3. Analysis with kallisto#

RumBall also supports kallisto for RNA-seq analysis. The following example shows how to run kallisto on the same samples in Tutorial (human, RSEM).

3.1. Mapping reads by kallisto#

Make index for kallisto:

build=GRCh38  # specify the build that you need
Ddir=Ensembl-$build/
ncore=12  # number of CPUs
build-index-RNAseq.sh -p $ncore kallisto $build $Ddir

Run kallisto:

ID=("SRR710092" "SRR710093" "SRR710094" "SRR710095")
NAME=("HEK293_Control_rep1" "HEK293_Control_rep2" "HEK293_siCTCF_rep1" "HEK293_siCTCF_rep2")
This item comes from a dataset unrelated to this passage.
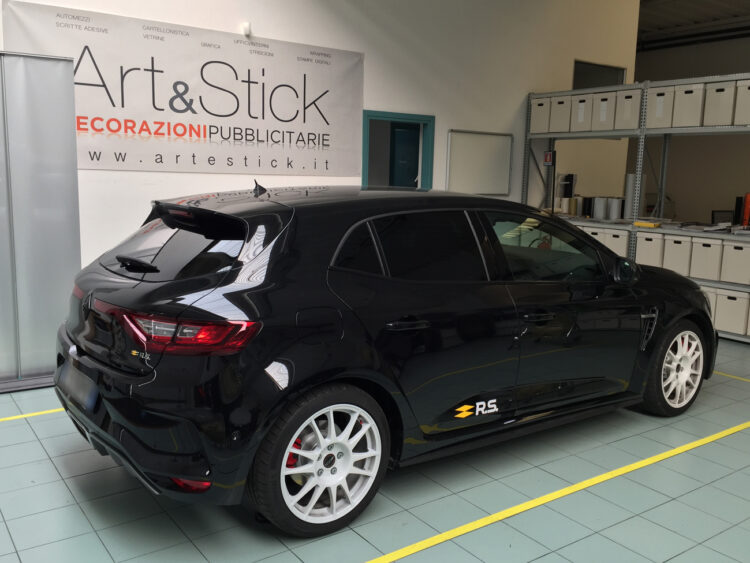 renault megane rs pellicola oscurata solare gradazione 20 thiene vicenza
index=$Ddir/kallisto-indexes/genome
ncore=12  # number of CPUs
mkdir -p log
for ((i=0; i<${#ID[@]}; i++))
do
    echo ${NAME[$i]}
    fq1=fastq/${ID[$i]}_1.fastq.gz
    fq2=fastq/${ID[$i]}_2.fastq.gz
    kallisto.sh -p $ncore ${NAME[$i]} "$fq1 $fq2" $Ddir reverse
done

Then you can merge the output of kallisto to make a single count matrix using kallisto_merge.sh:

s=""
for ((i=0; i<${#ID[@]}; i++))
do
    s="$s kallisto/${NAME[$i]}/abundance.tsv"
done

mkdir -p Matrix_kallisto
kallisto_merge.sh "$s" Matrix_kallisto/HEK293 $Ddir

3.2. Differential analysis#

The differential analysis step is the same with the STAR example in Tutorial (human, RSEM). Add the -k option to DESeq2.sh and edgeR.sh to use the output of kallisto_merge.sh as input.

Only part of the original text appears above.